INFORMATION:
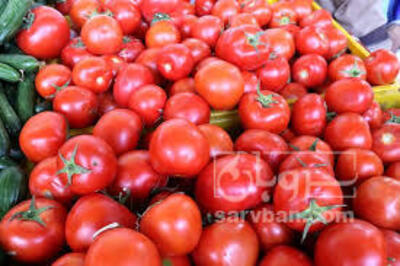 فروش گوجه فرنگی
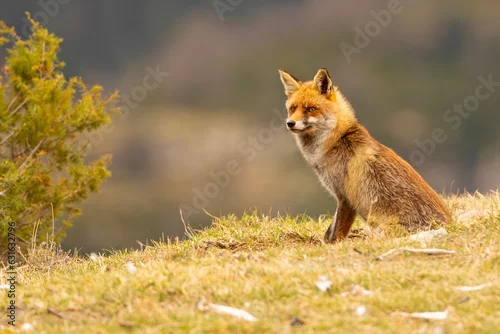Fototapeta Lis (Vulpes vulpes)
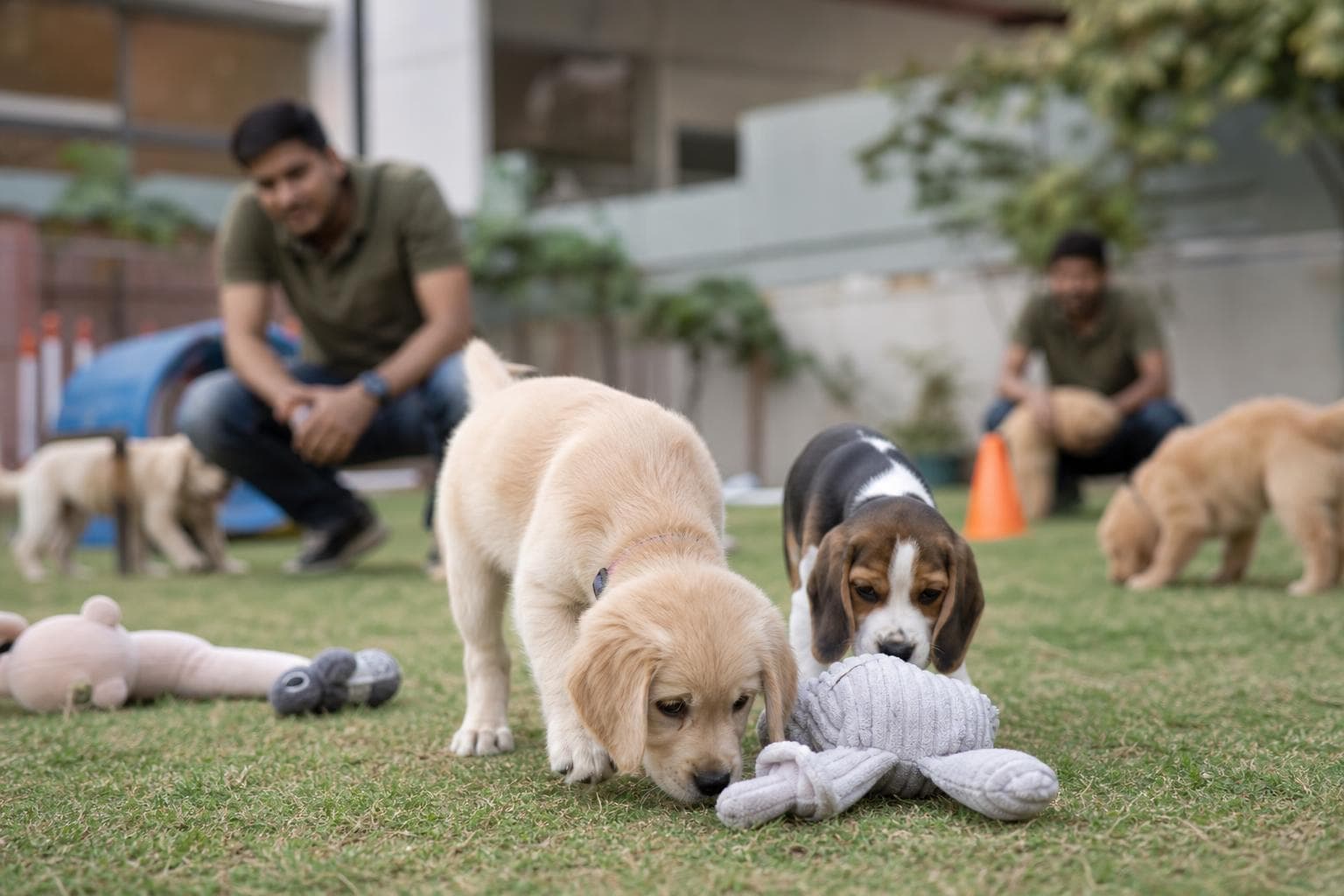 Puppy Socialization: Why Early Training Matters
...
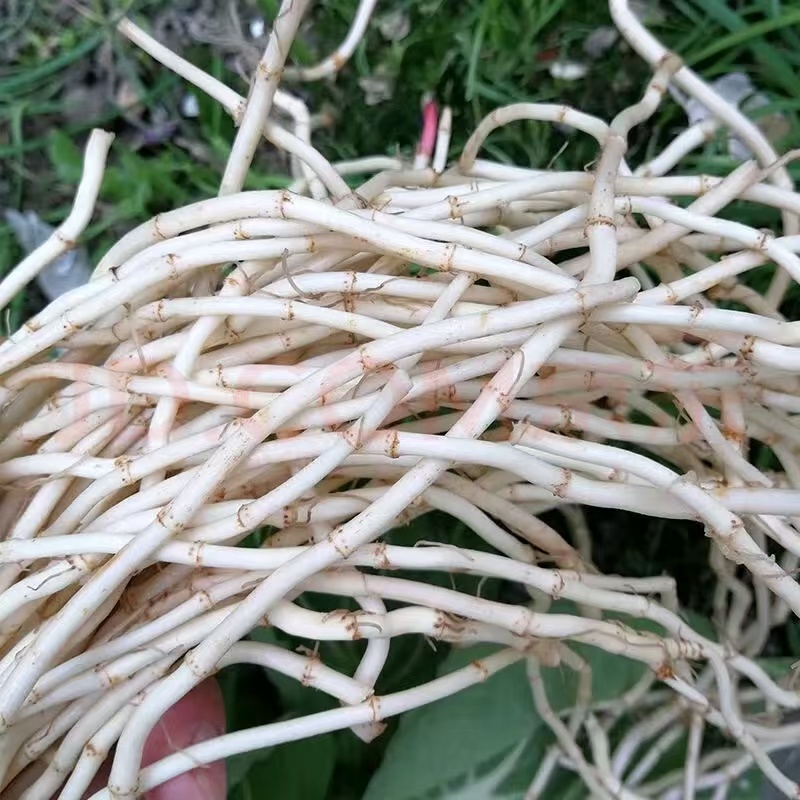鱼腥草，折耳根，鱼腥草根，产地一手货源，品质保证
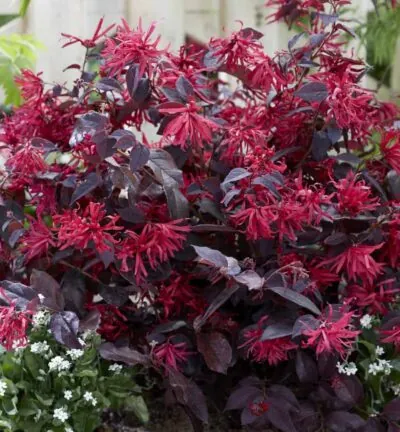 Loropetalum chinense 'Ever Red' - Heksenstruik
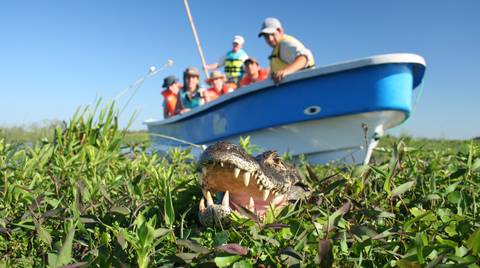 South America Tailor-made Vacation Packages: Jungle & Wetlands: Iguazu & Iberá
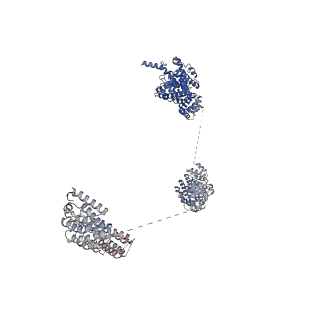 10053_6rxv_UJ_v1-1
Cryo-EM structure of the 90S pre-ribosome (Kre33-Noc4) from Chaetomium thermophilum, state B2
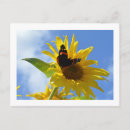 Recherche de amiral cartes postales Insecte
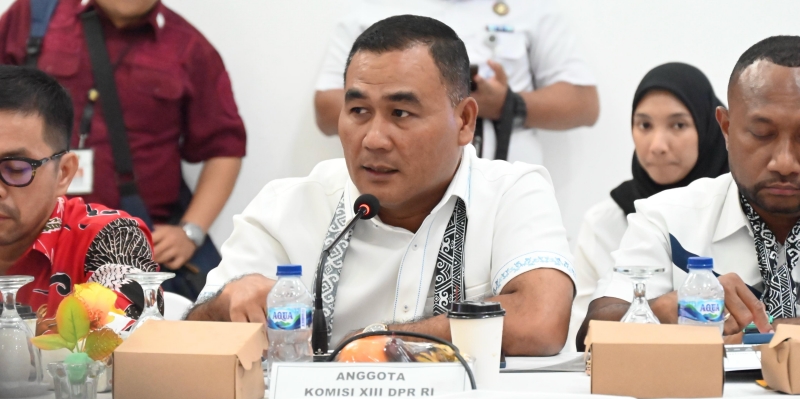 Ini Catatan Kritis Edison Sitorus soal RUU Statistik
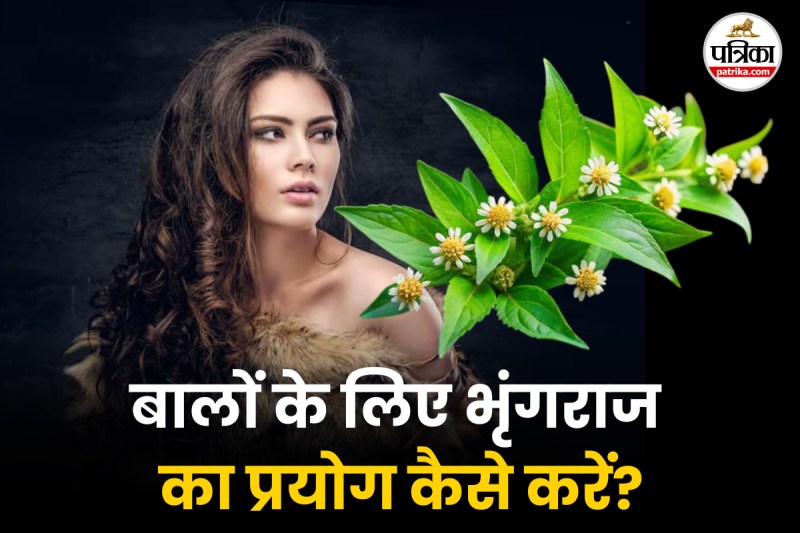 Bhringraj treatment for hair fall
--
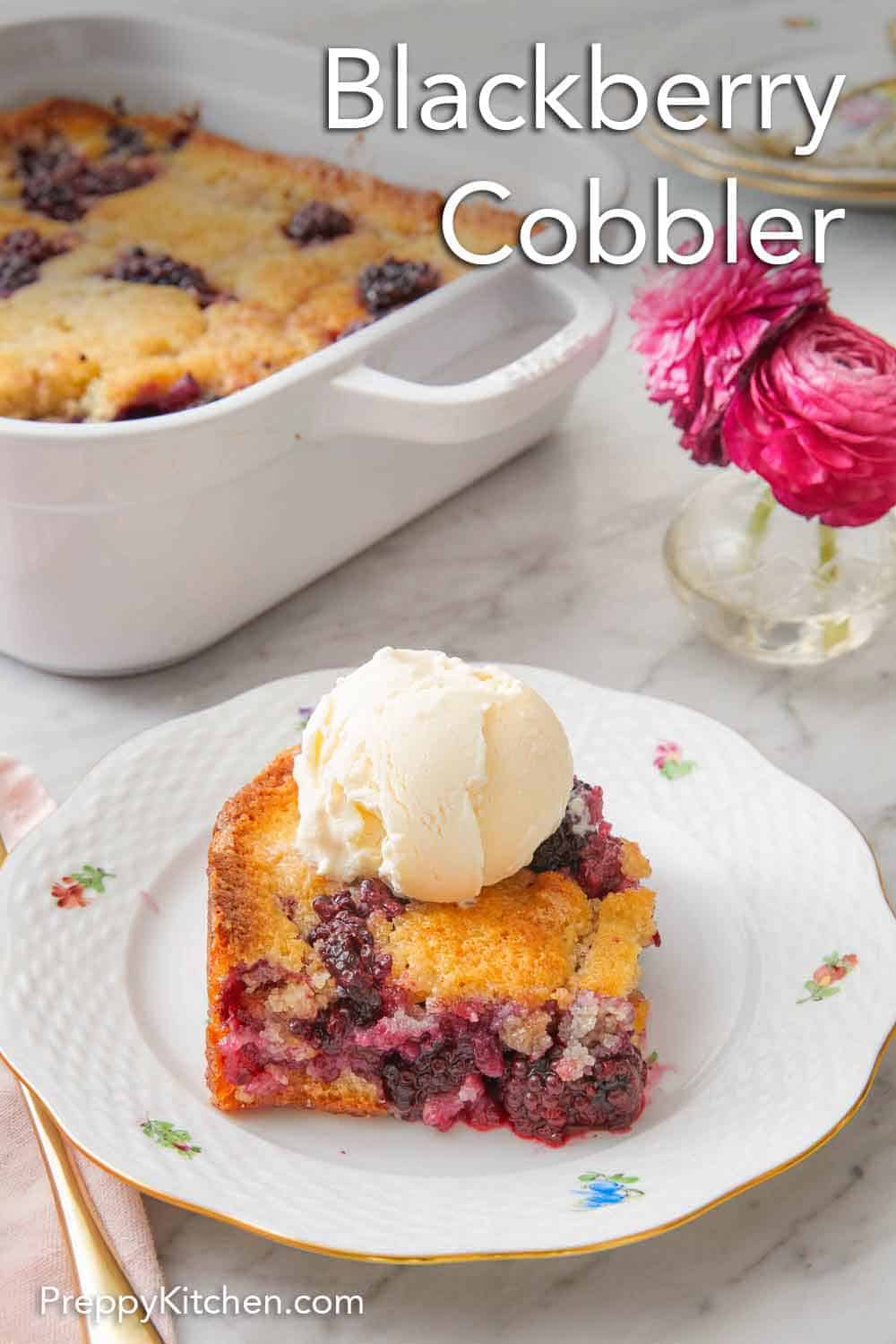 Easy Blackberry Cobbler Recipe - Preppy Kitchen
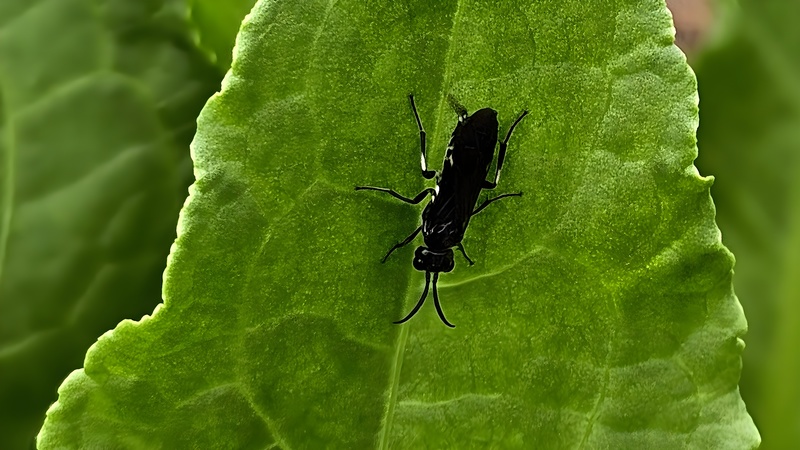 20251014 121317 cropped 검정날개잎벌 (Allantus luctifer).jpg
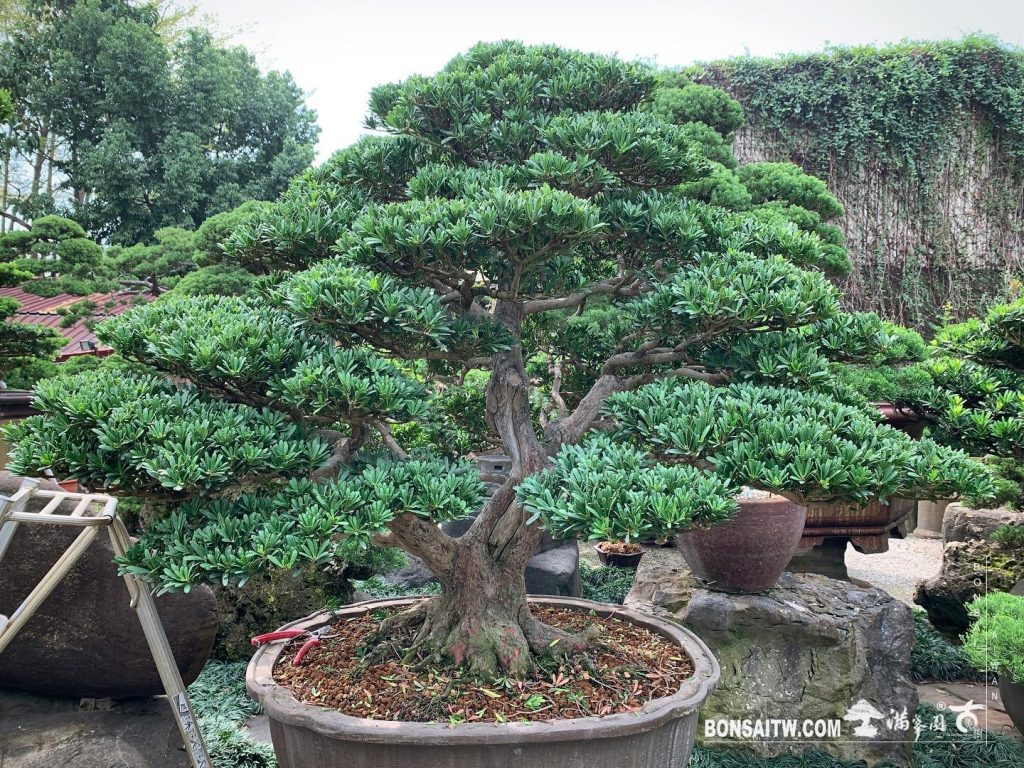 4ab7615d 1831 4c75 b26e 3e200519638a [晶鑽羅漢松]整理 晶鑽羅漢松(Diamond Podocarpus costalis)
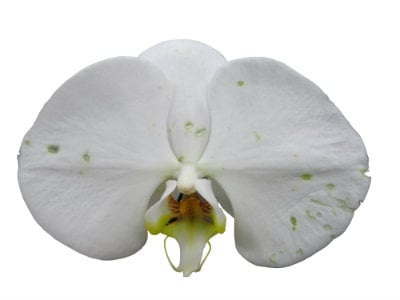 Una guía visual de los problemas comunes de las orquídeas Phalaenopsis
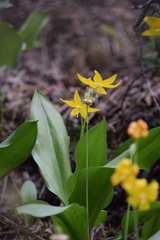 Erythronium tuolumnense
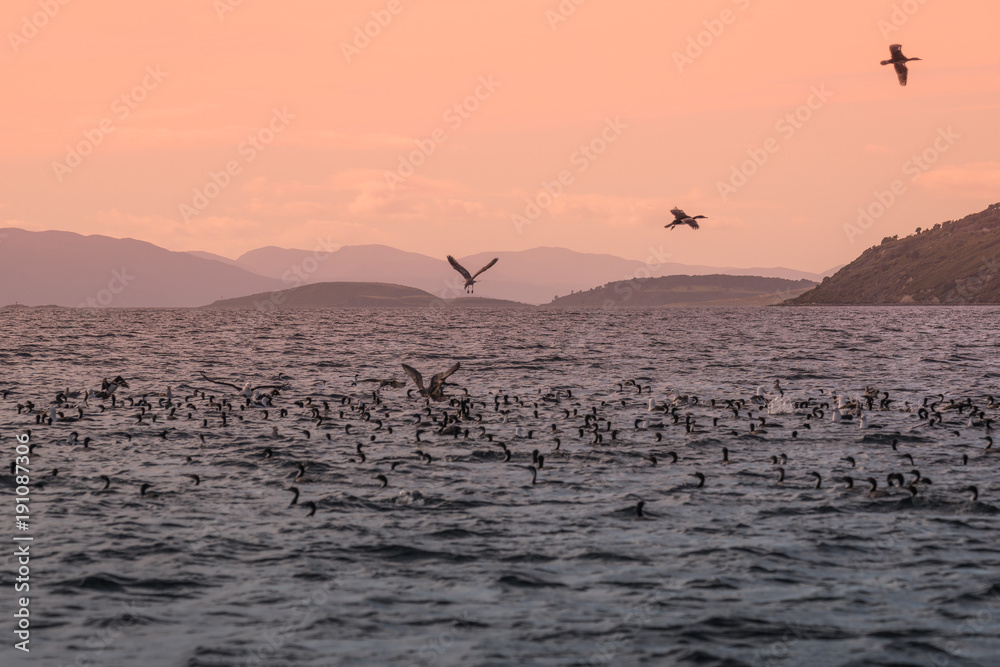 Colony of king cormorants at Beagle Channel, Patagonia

WORK TO COMPLETE:
Using the listing above, repeat word for word each line from the one with "Loropetalum chinense 'Ever" down to the one with "Bhringraj treatment for hair fall", both included. Omit all pictures.

EXERCISE RESPONSE:
 Loropetalum chinense 'Ever Red' - Heksenstruik
 South America Tailor-made Vacation Packages: Jungle & Wetlands: Iguazu & Iberá
 10053_6rxv_UJ_v1-1
Cryo-EM structure of the 90S pre-ribosome (Kre33-Noc4) from Chaetomium thermophilum, state B2
 Recherche de amiral cartes postales Insecte
 Ini Catatan Kritis Edison Sitorus soal RUU Statistik
 Bhringraj treatment for hair fall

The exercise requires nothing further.